Winner’s movie career spanned more than 40 years and included more than 30 feature films, including the successful Death Wish series starring Charles Bronson as a vigilante out to avenge family murders.

His big screen success was overshadowed by a divisive image in Britain as an ostentatious bon vivant who did nothing to hide his wealth.

Winner was born to Jewish parents in London, BBC News reported (http://www.bbc.co.uk/news/entertainment-arts-21123532 ). His mother was Polish and his father Russian. In the past, Winner was vocal about his “love-hate relationship” with his mother. After his father’s death at the age of 65, his mother, a chronic gambler, burned through most of Winner’s inheritance. According to the Telegraph (http://www.telegraph.co.uk/news/obituaries/culture-obituaries/film-obituaries/9816044/Michael-Winner.html) , Winner recalled that she threw a poker party during his bar-mitzvah, leaving him to answer the door and take guest’s coats.

In a film career which spanned more than 50 years, he worked with some of the biggest stars in Hollywood, including Marlon Brando, Robert Mitchum and Faye Dunaway.
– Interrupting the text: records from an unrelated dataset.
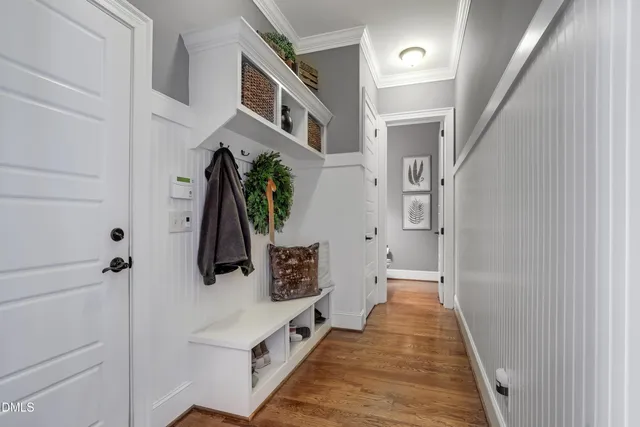 a view of a hallway with wooden floor and stairs
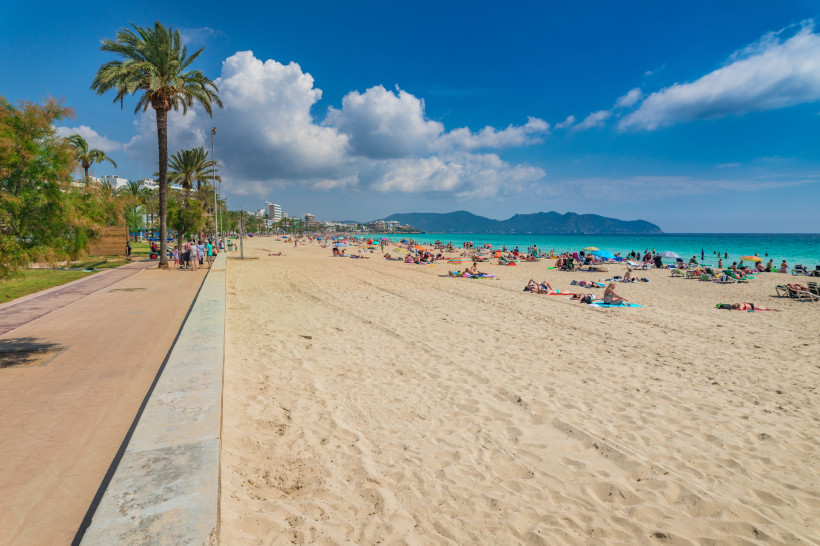 Großer Sandstrand auf Mallorca mit Palmenpromenade, vielen Badegästen, Sonnenliegen und türkisfarbenem Meer vor bergiger Küstenlandschaft
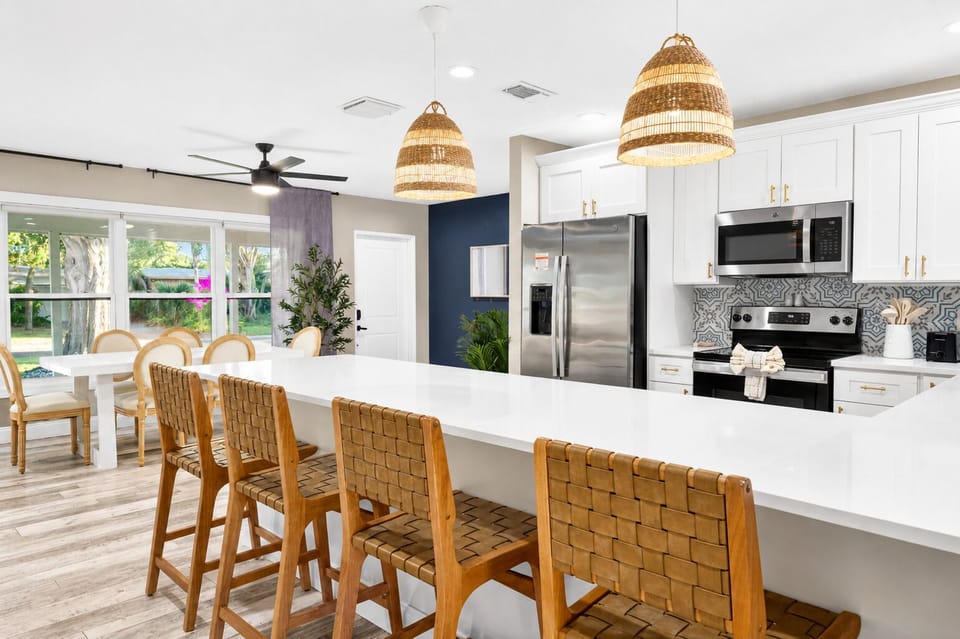 Gourmet kitchen with expansive island seating, woven pendant lighting, stainless steel appliances, and open entertaining space.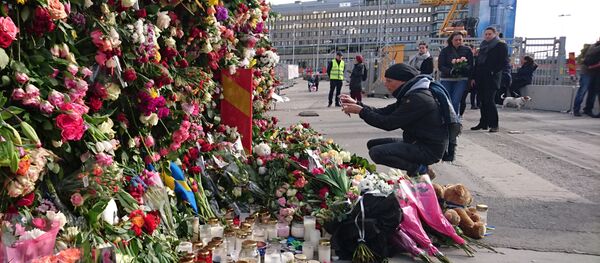 A man takes a picture of flowers on the fence by Ahlens department store following Friday's attack in central Stockholm, Sweden, April 9, 2017 - Sputnik International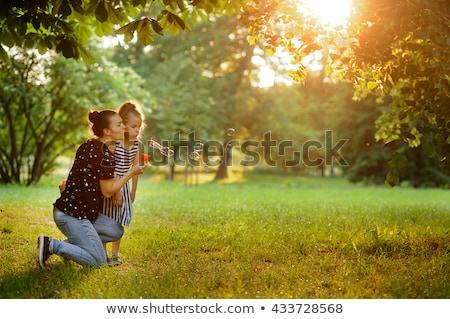 [[stock_photo]]: Mother With Child Is Started Up With Soap Bubbles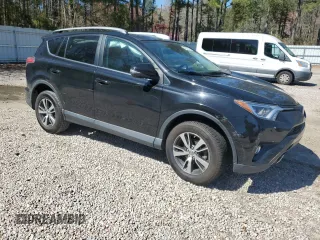 2018 Toyota RAV4 XLE with VIN 2T3WFREV7JW412348, listed as a Copart auction lot 49973215 with 127,661 mi miles and Salvage Title. Bid and sale history available at DreamBid. Image 4.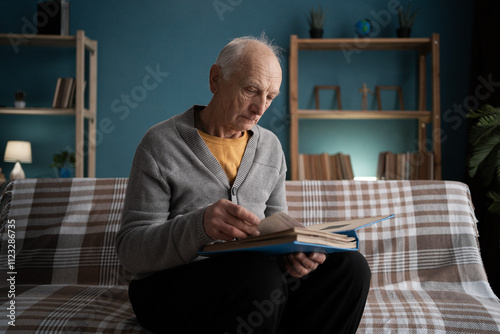 Lonely man widower looking at the photos and remembering his wife while sitting on sofa in the living room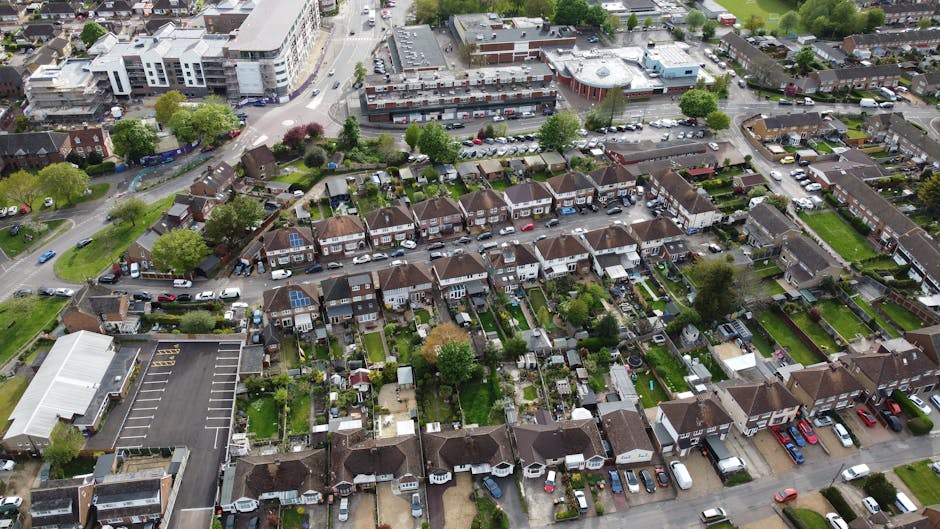 An aerial view of a residential neighbourhood showing a mix of detached, semi-detached, and terraced houses with predominantly brick exteriors and tiled roofs. The streets are lined with parked cars and small trees, with some green lawns and gardens visible in front and backyard spaces. A central roundabout with a small landscaped island features shrubs and grass, surrounded by a network of roads connecting the area. Larger buildings, possibly commercial or community facilities, are situated near the roundabout, with dark roofing and brick walls. Dense clusters of trees provide greenery throughout the area, including a few larger, leafy trees in backyards and along streets. The overall scene displays a typical suburban layout with a balance of residential housing, vegetation, and road infrastructure, suitable for interpreting the context of local rubbish removal or independent waste clearance services on-site.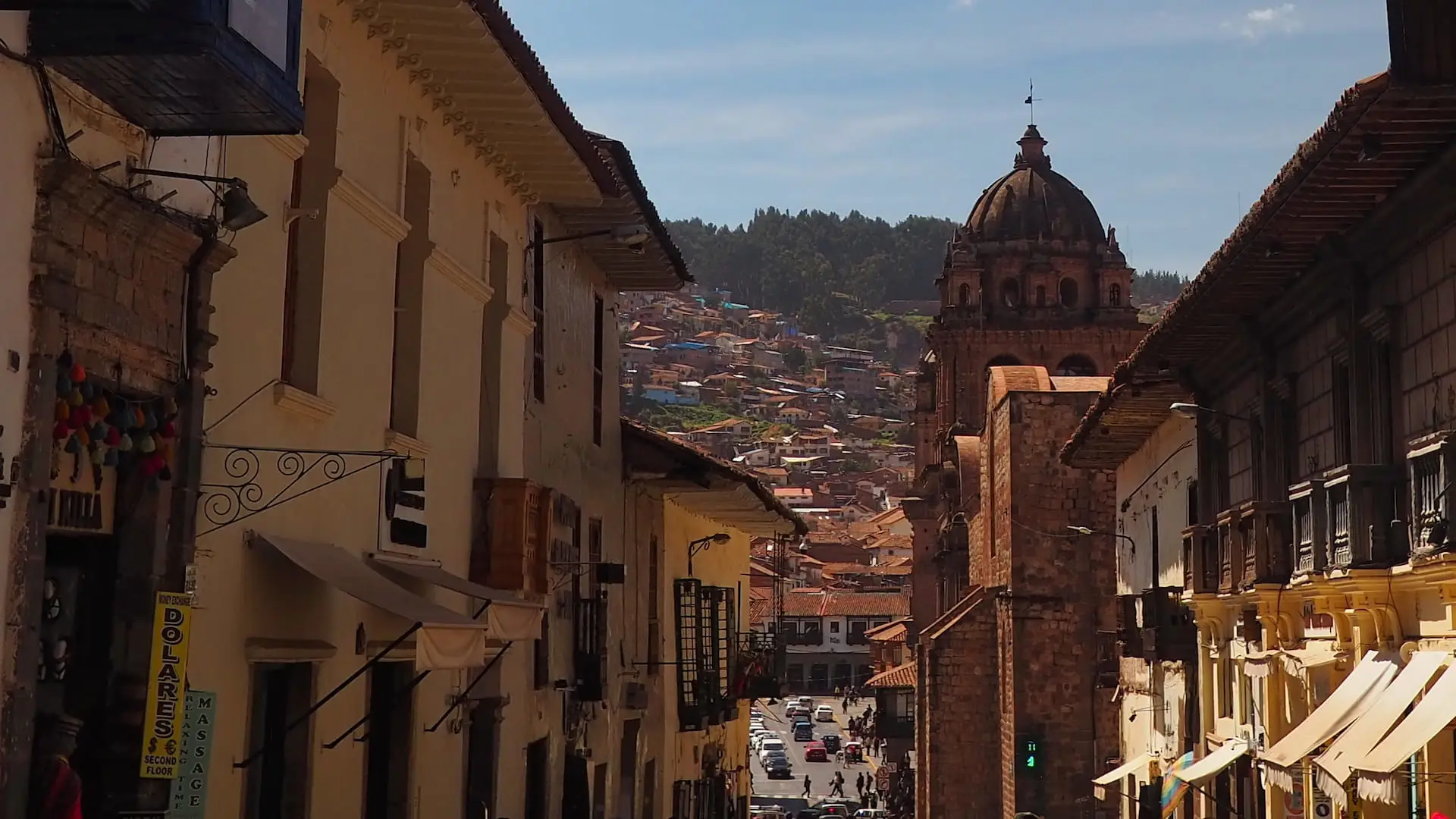 A narrow shopping street with a church on the right and red roofed houses in the background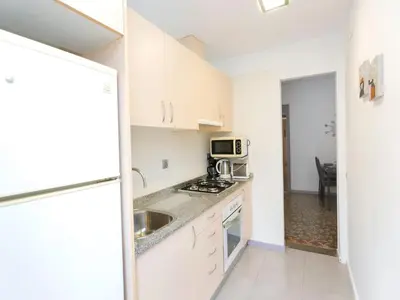 a small kitchen with a sink and a microwave at Apartment Gracia- Providencia by Interhome in Barcelona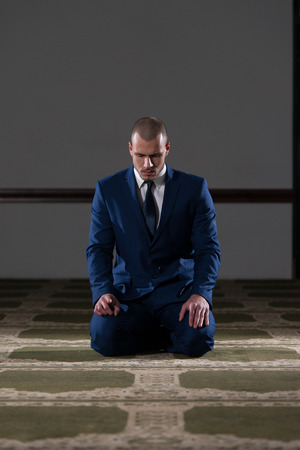 Businessman Muslim Making Traditional Prayer To God Allah In The Mosqueの写真素材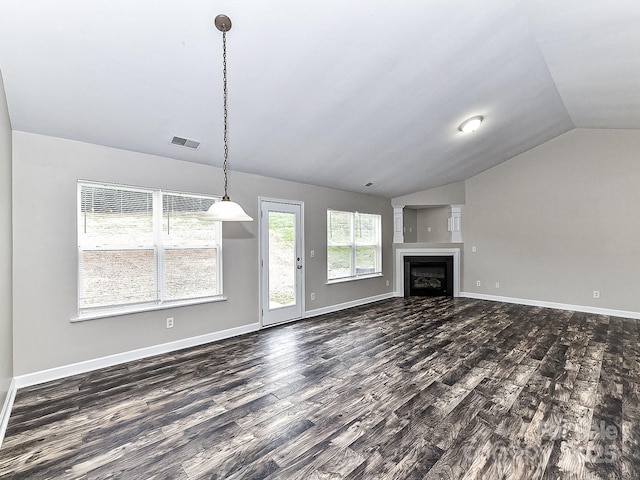 unfurnished living room with dark wood-type flooring and vaulted ceiling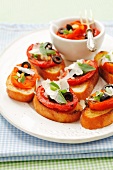 Crostini (toasted bread topped with tomatoes, Parmesan cheese and olives)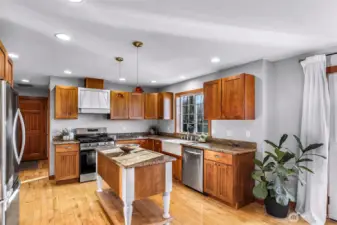 Light-filled kitchen features a practical layout with abundant cabinetry, durable surfaces, and a newly installed range. Positioned for connection to dining and living areas, this space supports both daily routines and gatherings.
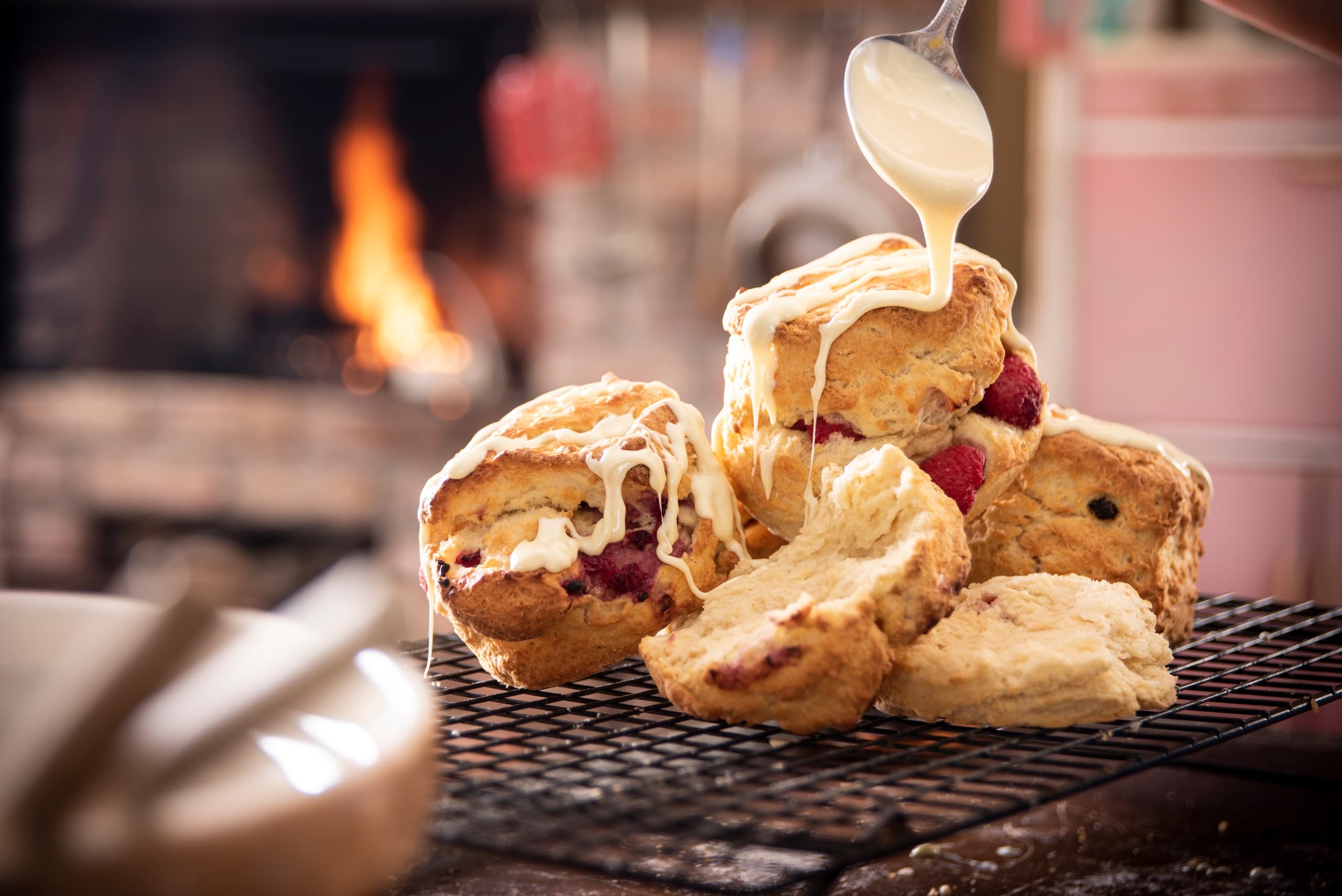 Warm scones with cream drizzling in cozy bakery kitchen scene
He later reinvented himself as a restaurant critic, writing about food in his typically flamboyant style in his Winner’s Dinners column for the Sunday Times. He was the author of several books, including Winner’s Dinners: The Good the Bad and the Unspeakable (1999); The Fat Pig Diet (2007); Winner Takes All: A Life of Sorts (2004); and most recently, Michael Winner’s Hymie Joke Book (2012), a collection of Jewish jokes.

Many in the UK and United States criticized the book for being tasteless and perpetuating old stereotypes.

Michael Winner Image by getty images

In an article in the San Diego Jewish World (http://www.sdjewishworld.com/2012/10/09/hymie-joke-book-is-insulting-tasteless/) , editor Danny Bloom wrote: “ [Winner’s] new book is what I consider to be a tasteless collection of old and stale — and often tasteless — Jewish jokes. Some of them are funny, yes. But the main character in all the jokes is a bloke named ‘Hymie.’ I guess Mr. Winner never heard of Jesse Jackson’s unfortunate ‘hymietown’ remark a few years ago that landed Jackson in hot water.”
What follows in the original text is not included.